No habrá día de nuestra vida en el que cesemos de ser una preocupación para el corazón de Dios. Dios siempre se preocupa por nosotros y camina con nosotros. ¿Y por qué hace esto? Simplemente porque nos ama. ¿Está entendido esto? ¡Él nos ama! No nos abandonará en el tiempo de la prueba y de la oscuridad. Esta certeza pide anidarse en nuestra alma para no apagarse nunca.
El misterio del amor de Dios no ha sido revelado a los sabios e inteligentes, sino a los pequeños (Lc 10:21; Mt 11:25–26). Por lo tanto, la enseñanza más profunda que estamos llamados a transmitir y la certeza más segura para salir de la duda, es el amor de Dios con el cual hemos sido amados (1 Jn 4:10). Un amor grande, gratuito y dado para siempre. ¡Dios nunca da marcha atrás con su amor! Sigue siempre hacia adelante y espera.
Recordemos esto en nuestra vida de cristianos: Dios nos espera siempre, aun cuando nos hayamos alejado. Él nunca está lejos, y si volvemos a él, está preparado para abrazarnos.
El amor de Dios es estable y seguro, como las costas rocosas que protegen de la violencia de las olas. Jesús manifiesta [este amor] en el milagro narrado por el Evangelio, cuando aplaca la tempestad, ordenando al viento y al mar (Mc 4:41). Los discípulos tienen miedo porque se dan cuenta de que quizás no sobrevivirán la tempestad, pero Jesús abre sus corazones a la valentía de la fe. Ante el hombre que grita “No puedo más”, el Señor le ofrece la roca de su amor, a la cual cada uno puede aferrarse seguro de que no caerá. ¡Cuántas veces sentimos que no podemos más! Pero él está a nuestro lado con la mano y el corazón abierto.

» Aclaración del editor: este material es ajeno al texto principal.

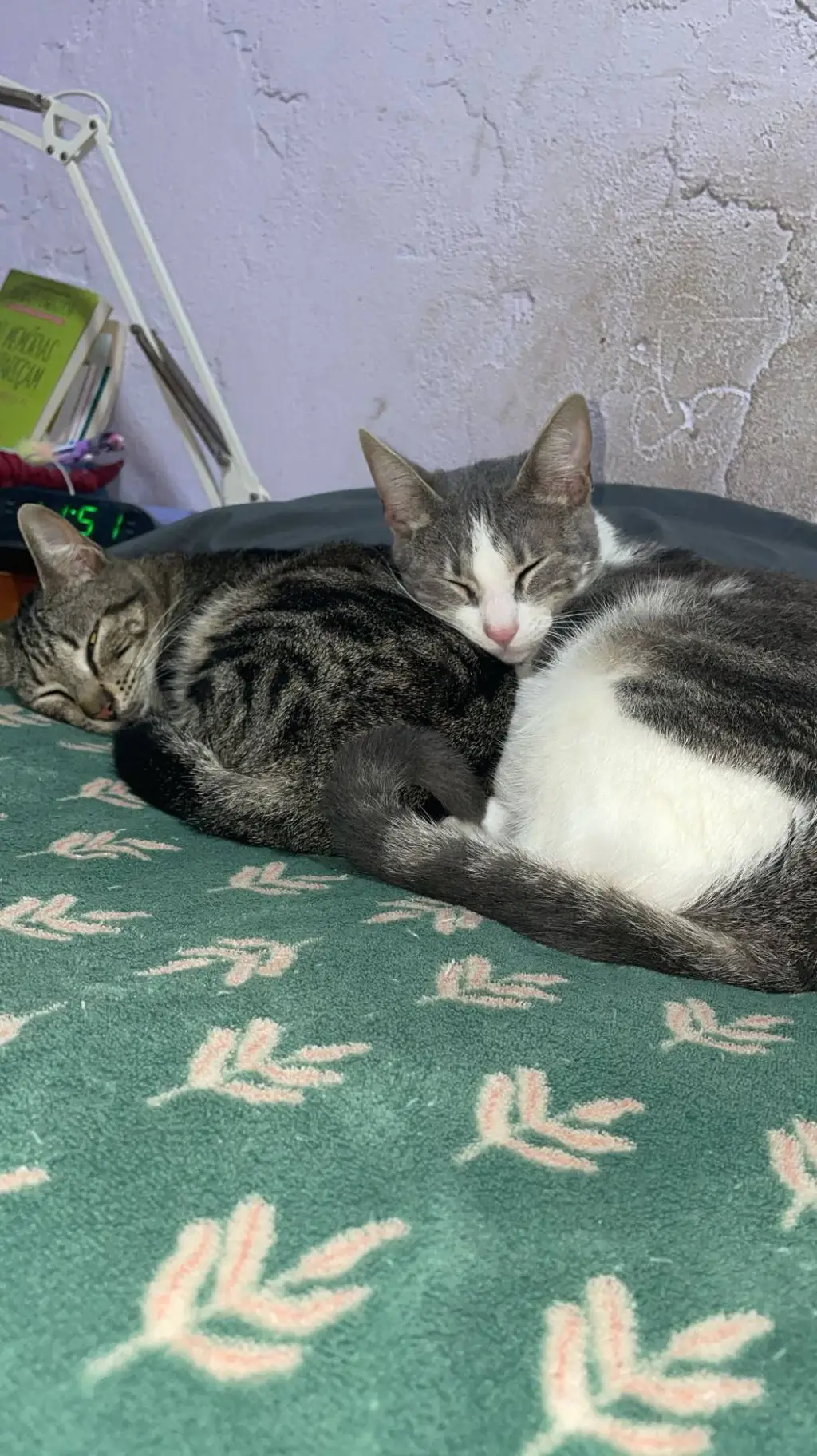 ai character: lili background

El Señor se proclama “rico en clemencia y lealtad”. ¡Qué hermosa es esta definición de Dios! Aquí está todo. Dios es grande y poderoso, y esta grandeza y poder se despliegan en el amarnos, que somos así de pequeños, así de incapaces. La palabra “amor”, aquí utilizada, indica el afecto, la gracia, la bondad. El amor de Dios no es un amor de telenovela... Es el amor que da el primer paso, que no depende de los méritos humanos sino que es de una inmensa gratuidad. Es la solicitud divina a la que nada puede detener, ni siquiera el pecado, porque el amor de Dios sabe ir más allá del pecado, vencer el mal y perdonarlo.
Dios no es una cosa vaga, como un vapor. Dios es concreto y tiene un nombre: “Dios es amor”. No es un amor sentimental, emotivo, sino el amor del Padre que está en el origen de cada vida, el amor del Hijo que muere en la cruz y resucita, el amor del Espíritu que renueva al hombre y el mundo. Pensar en que Dios es amor nos hace mucho bien, porque nos enseña a amar, a darnos a los demás como Jesús se dio a nosotros y a caminar con los demás como Jesús sigue caminando con nosotros.
Todos estamos llamados a dar testimonio y anunciar el mensaje de que “Dios es amor”. Dios no está lejos ni es insensible a nuestras vicisitudes humanas. Está cerca, está siempre a nuestro lado, camina con nosotros para compartir nuestras alegrías y nuestros dolores, nuestras esperanzas y nuestras fatigas. Nos ama tanto y hasta tal punto, que se hizo hombre. Vino al mundo no para juzgarlo, sino para que el mundo se salve por medio de Jesús (Jn 3:16–17). Y este es el amor de Dios en Jesús, este amor que es tan difícil de comprender, pero que sentimos cuando nos acercamos a Jesús. Y él nos perdona siempre, nos espera siempre, nos quiere mucho. El amor de Jesús que sentimos, es el amor de Dios.
El amor de Dios renueva todo, es decir, Dios hace nuevas todas las cosas. Reconocer los propios límites, las propias debilidades, es la puerta que abre al perdón de Jesús, a su amor que puede renovarnos profundamente, que puede re-crearnos. La Salvación puede entrar en el corazón cuando nos abrimos a la verdad y reconocemos nuestros errores, nuestros pecados. Entonces, vivimos esa hermosa experiencia de aquél que vino no por los sanos, sino por los enfermos; no por los justos, sino por los pecadores (Mt 9:12–13). Sintamos su paciencia, su ternura, su voluntad de salvar a todos.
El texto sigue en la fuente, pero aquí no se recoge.